======== Supplied material ========

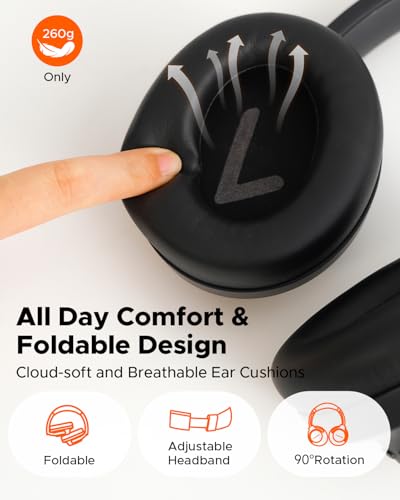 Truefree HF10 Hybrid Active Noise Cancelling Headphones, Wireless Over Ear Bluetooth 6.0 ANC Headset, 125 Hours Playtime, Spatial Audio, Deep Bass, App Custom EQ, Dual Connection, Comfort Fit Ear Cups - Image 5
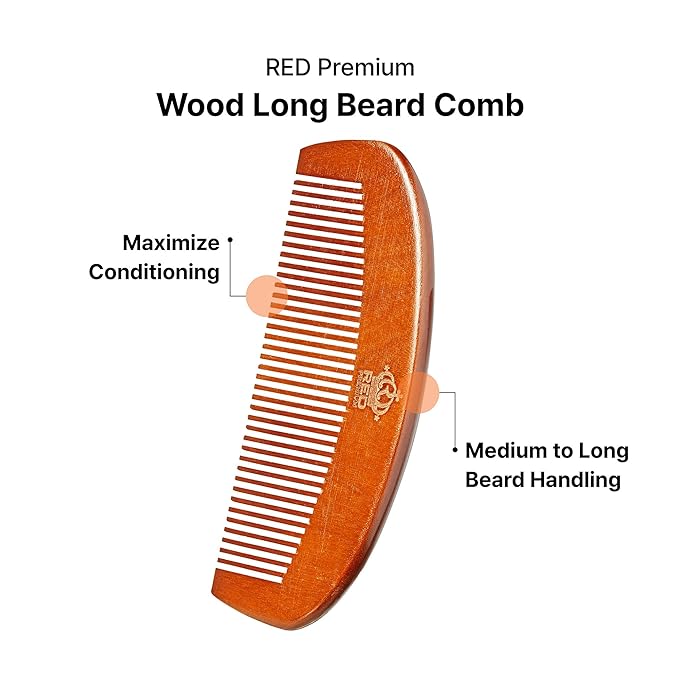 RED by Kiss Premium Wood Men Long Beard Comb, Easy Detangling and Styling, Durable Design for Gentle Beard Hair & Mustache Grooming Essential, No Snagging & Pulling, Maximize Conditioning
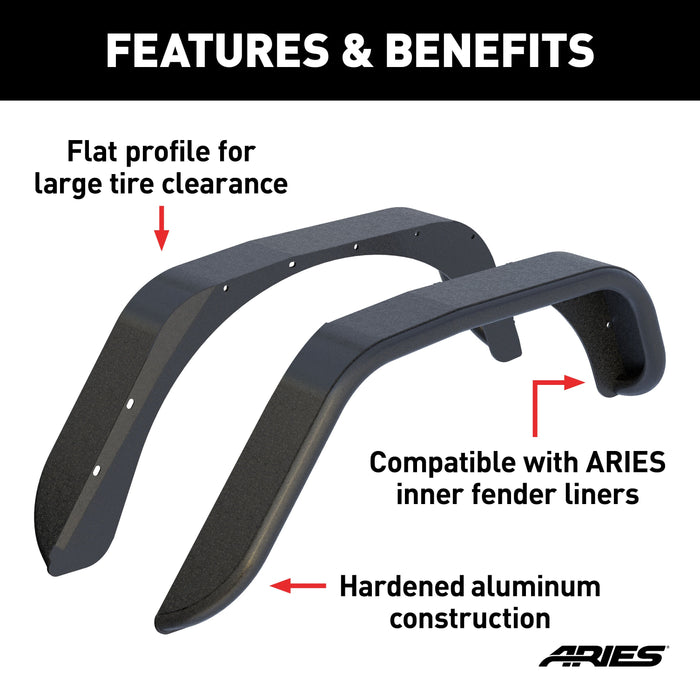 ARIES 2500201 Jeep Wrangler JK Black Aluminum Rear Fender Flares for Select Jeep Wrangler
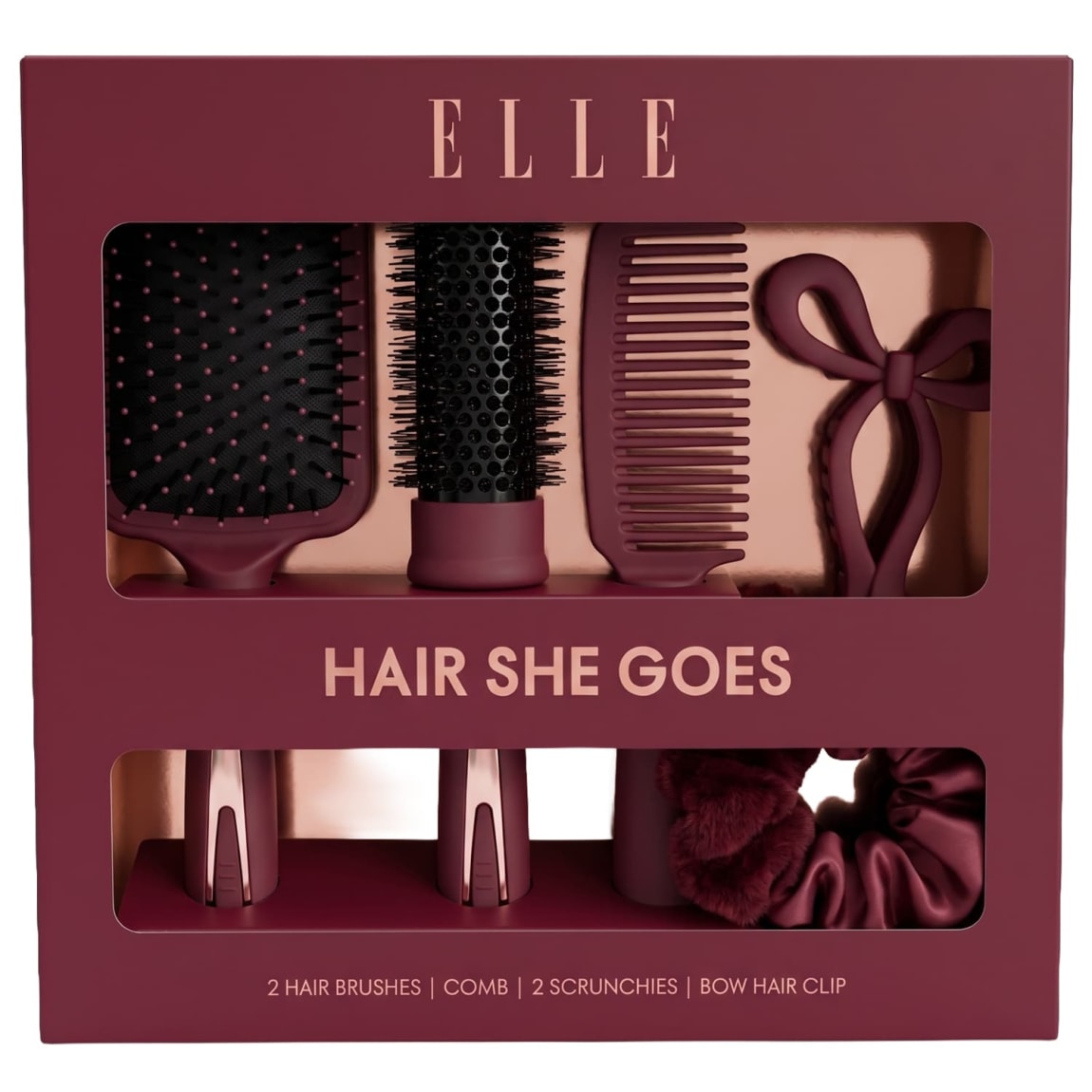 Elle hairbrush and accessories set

========

- _What is needed_
When copying, output the data exactly and leave out the pictures.

- _Solution_
 Truefree HF10 Hybrid Active Noise Cancelling Headphones, Wireless Over Ear Bluetooth 6.0 ANC Headset, 125 Hours Playtime, Spatial Audio, Deep Bass, App Custom EQ, Dual Connection, Comfort Fit Ear Cups - Image 5
 RED by Kiss Premium Wood Men Long Beard Comb, Easy Detangling and Styling, Durable Design for Gentle Beard Hair & Mustache Grooming Essential, No Snagging & Pulling, Maximize Conditioning
 ARIES 2500201 Jeep Wrangler JK Black Aluminum Rear Fender Flares for Select Jeep Wrangler
 Elle hairbrush and accessories set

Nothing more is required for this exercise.